But the price the country is asked to pay for these precious units of electricity is indeed great. Three of the best known waterfalls along frequently travelled up-country routes will be drastically affected by the project. These are the Devon and St. Claire waterfalls on the Hatton- Talawakelle road and what most people view as Ramboda fall -which is really two falls, Puna Oya falls and Gerandi ella- on the Kandy- Nuwara Eliya route. Several other smaller falls will disappear completely.
The project which was conceived some two decades ago has continuously attracted opposition because of this waterfall factor. The initial proposal was to have two ponds- small reservoirs - on two locations at Caledonia and Talawakelle. This would have, according to the feasibility report generated 248 MW of power.
But the repercussions were large scale. The number of families to be evacuated was over 2000 and the waterfalls were as good as gone. Later on, sensing that public opinion would certainly be against any total abolition of the picturesque falls, the plan was watered down to the present Upper Kotmale Hydro Electric Project.
The proposal submitted by the Ceylon Electricity Board envisages damming the Kotmale Oya, before it meets up with Devon Oya to make the Mahaweli ganga. A 38 metre dam just below the Talawakelle town will create a small pond fed by some 23 km of tunnelway running from various streams around the area. The sources of water for the pond include the Kotmale Oya, Devon Oya, Puna Oya and Pundalu Oya. After the generation of electricity at the underground power house in Niyangandora, the water will flow into the Kotmale reservoir.
The controversy over the project rages on because of the effect this stream-tapping will have on waterfalls and several communities that are presently living in the reservoir location. The Devon and St. Clair waterfalls which are considered among the most beautiful of the country's large waterfalls will suffer drastically if the project is implemented. Gerandi ella will not be affected but Puna Oya will be reduced by 70 percent. Ramboda proper will be reduced by half and certain other falls like St. Clair minor and St. Andrews will disappear altogether.
Because of these adverse effects the first Environmental Impact Assessment for the Upper Kotmale Hydro electric project was rejected by the Central Environmental Authority. Their contention was that the CEB and the consultants to the project had not paid adequate attention to the alternative locations for the ponds and sources of water.
The recent power crisis that the country underwent, the pressing need for electricity coupled with the fact that this is the last available large scale hydro electric resource, brought the project back into the limelight. The CEB having completed their study of alternatives presented it to the CEA again in April this year.
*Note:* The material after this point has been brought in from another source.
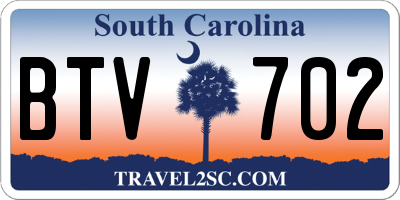 SC license plate BTV702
Actually there was only one alternative that was worth the indepth study. Called the Yoxford Option, this proposal was to dam Pundalu Oya and save several of the larger waterfalls that are affected. But in their study the CEB and the consultants to the project claim that the Yoxford Option is not a realistic alternative. They state that the dam location of that option is not suitable for various geological reasons.
In September this year, the CEB resubmitted their original proposal to build a 25 hectare pond draining the water sources of the falls amidst protests from the environmental lobby. At present the project is being studied by a technical committee, appointed by the Central Environmental Foundation. The project was open for public appraisal for 30 days and now the country waits with bated breath for the CEAÕs verdict on the Upper Kotmale Project.
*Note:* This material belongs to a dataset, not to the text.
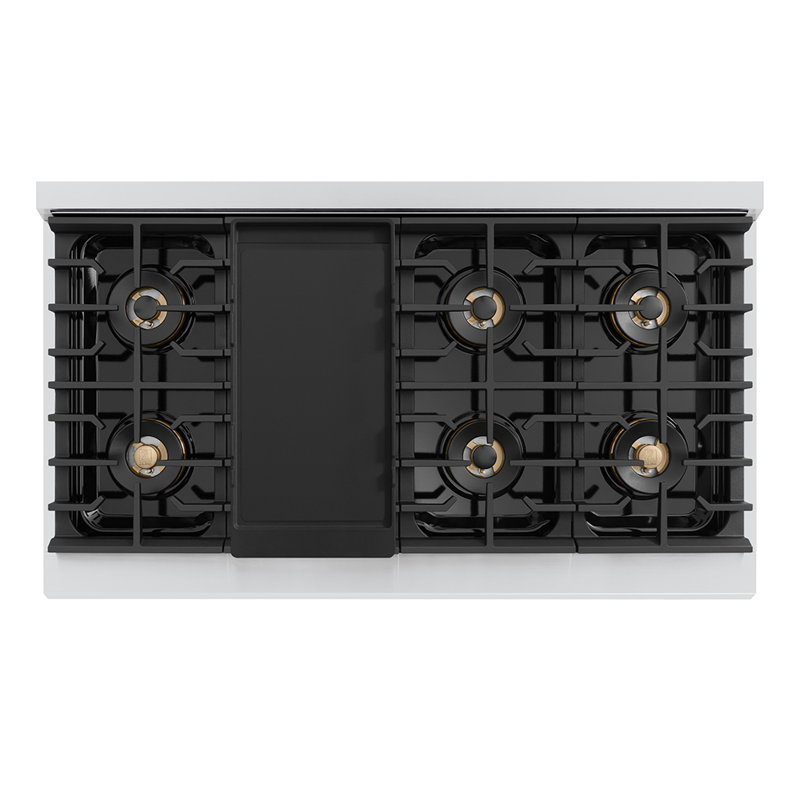 ZLINE Autograph 48 in. Paramount DuoPro Dual Fuel Range in Stainless Steel with Nickel Helix Handles, Bronze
If the project receives the go-ahead this year and gets off the ground, it is scheduled to be completed in five years time. The CEB has already secured $ 293 million for the project in the form of a 30 year loan from the Japanese (OECF) Overseas Economic Co-operation Fund.
"We can recover the cost of the project in 15 years," Savindranath Fernando, Deputy General Manager, Planning at CEB said. " Estimates show that hydro is still the cheapest source of electricity. A unit of hydro electricity generated from Upper Kotmale will cost Rs. 1.65, while a unit generated using coal or other sources will cost Rs. 5-6."
Although convinced of the project's feasibility, the CEB is aware of the environmental damages, Fernando said.
"We are doing our best to ensure that the waterfalls are not eliminated completely," he claimed. If the project goes ahead, several mitigational measures would be implemented to see that the falls do not disappear completely. The 281 foot Devon falls will still get 30 percent of its peak flow, which would vary according to the season. In the rainless months it could thin to a trickle and at monsoon time overflow. But daily for 10 daylight hours, the fall will have continuous water supply- however diminished. The position of St. Clair's is slightly different. The fall will be fed half an hour for every hour for ten daylight hours. A very scenic fall at Pundalu Oya will be spared because of the tiny devale beside it. The project plans to pump water up from the bottom of the fall.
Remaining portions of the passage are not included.